Why it is time to ‘read the air’ in IC

By CIPR Inside Committee Member, Helen Chown

August 20, 2020

When an animal comes out of their home, they quite literally smell the air.  Whiskers twitching on full detection mode, they use all their senses to establish whether it is safe to come out. Can they see or hear obvious dangers – but more importantly, how does it feel out there in the big bad world right now? 

There is no doubt that thousands of years of the survival instinct are at play here. Humans are no different. How many times have you walked into a meeting or party and sensed tension, tiptoed in cautiously and made yourself smaller? Or sensing a more positive energy, body puffed up, out comes the full beam smile and a cheery hello? 

Being able to read the room can be extremely useful for us communicators – and I’d argue is even more important now as we venture out of ‘our dens’ during this period of great uncertainty.

Reading or smelling the air is a concept that is familiar in some Eastern cultures. In The Culture Map, author Erin Mayer talks about the importance of being able to read between the lines when communicating in cultures where the communication style is less direct and more subtle and nuanced. Mayer argues that the ability to go a bit deeper and use our other senses to read between the lines is a vital skill for those of us in global organisations where our colleagues span multiple cultures and communication styles. 
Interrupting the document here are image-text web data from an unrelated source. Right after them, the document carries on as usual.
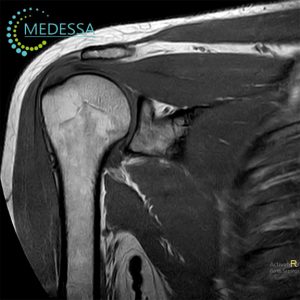 МРТ плечового суглоба Одеса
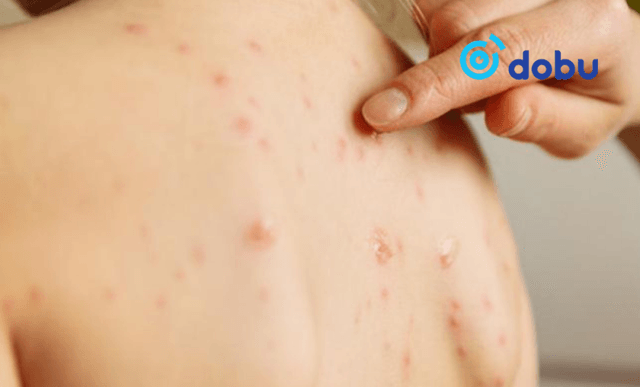 Улаанбурхан өвчний нийт батлагдсан тохиолдол 13 мянга болжээ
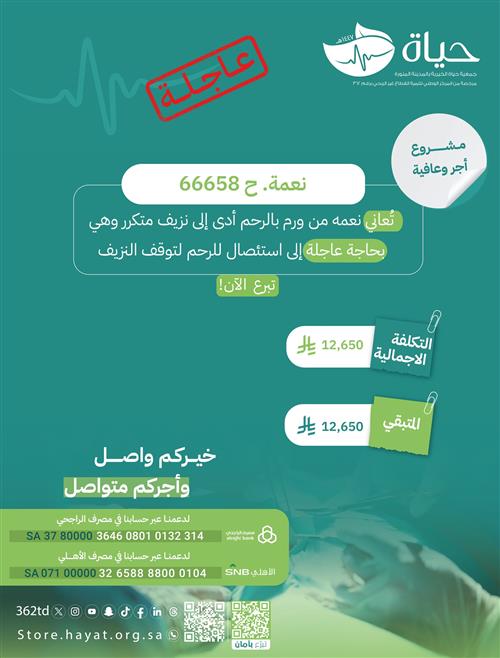 حالة نعمة. ح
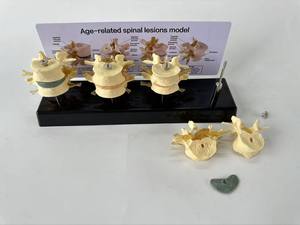 Vertebra lombare malata modello di ernia disco osteoporosi insegnamento ortopedico umano modello di comunicazione medico-paziente - Product Image 3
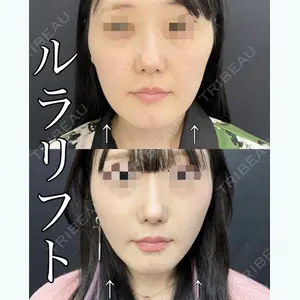 ルラ美容クリニック 渋谷本院 武内 大医師の症例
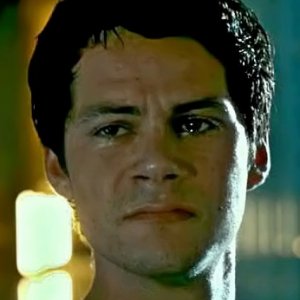 Actors Who Permanently Damaged Their Bodies For A Role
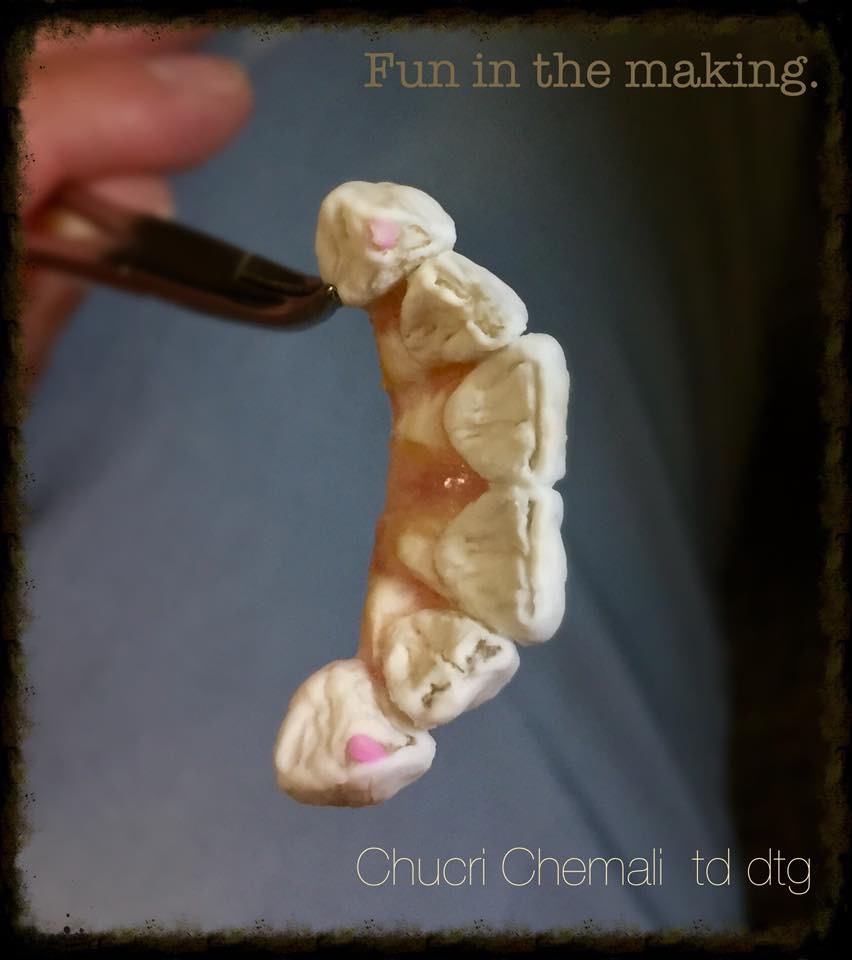 Chemali Laboratoire Dentaire | 3221 Autoroute 440 Ouest Bur 232, Laval, QC H7P 5P2, Canada | Phone: (450) 505-6066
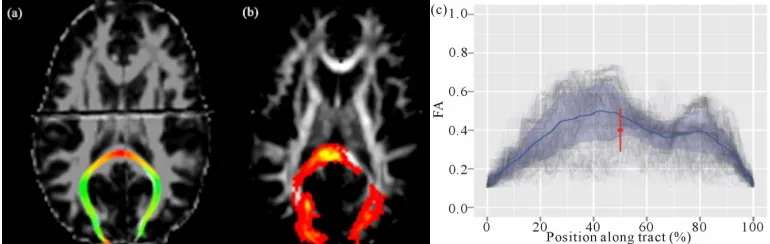 Figure 6. Reconstructed forceps major using streamline (a) and probabilistic (b) tractography, and the profile plots of FA values along the tract (gray lines) with the mean (blue line) and its standard deviation (read line) (c)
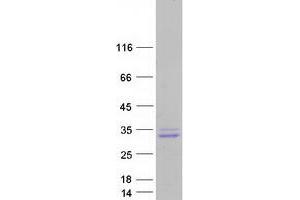 NKX2-6 Protein (Myc-DYKDDDDK Tag)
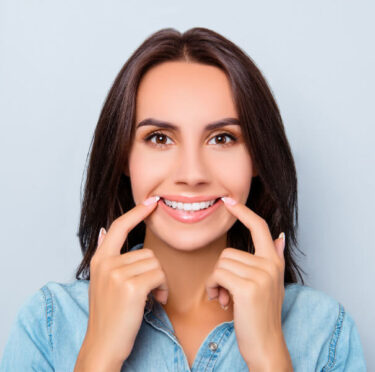 How to Care for Your Teeth After Dental Bonding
This can be seriously challenged in the new world of Microsoft Teams or Zoom calls.  We are not able to spot the foot tapping under the table or sense a colleague’s irritation just bristling across the room when they are unable to get a word in edgeways during a meeting. The best we can do is encourage the turning on of cameras. Sorry! I hate it and was dragged into remote working VCs kicking and screaming and very resentful about turning the camera on. However, I have had to (reluctantly) get over myself and wave the white flag for the greater good of building and maintaining now virtual relationships.  

I would also argue that for us communicators, smelling the air when faced with such uncertainty is also about sensing danger or pitfalls and changing direction – even if this means going the long way around the field. 

Months in the planning, it became clear that the messaging and approach that had initially felt sensible for a project I was working on just didn’t sit quite right with the external landscape that was changing rapidly as a result of COVID-19. 

With collective resolve, the team discussed, updated then checked again the messaging pretty much right up to the point we issued the comms. This may send shivers down the spine for any of you thinking about willingly going through approvals again… then maybe again (glutton for punishment much?!) Yes, it required us to pull some late nights and early starts, but it was important the message landed nothing less than perfectly, making sure that the tone reflected the world outside. 

Not sticking to what has been agreed on a project plan is extremely challenging for more ‘waterfall’ based project management. Milestones are either met (hooray!) or missed (wah!) However, sticking to a plan whatever life throws at it is becoming less tenable when we are faced with such uncertainty and multiple curveballs being thrown at even the best laid plans. 

It is no coincidence that more organisations are choosing to adopt an agile approach to project management. I was fortunate that the team I was working with had a united sense of purpose where what counted was that our employees received the information in the best possible way. We worked together to navigate through the uncertainty. And while yes – the sprint across the field was not always a clear run, we got through to the other side. 

So, breathe in…  take a big deep breath and smell the air. What feels the right approach, right now?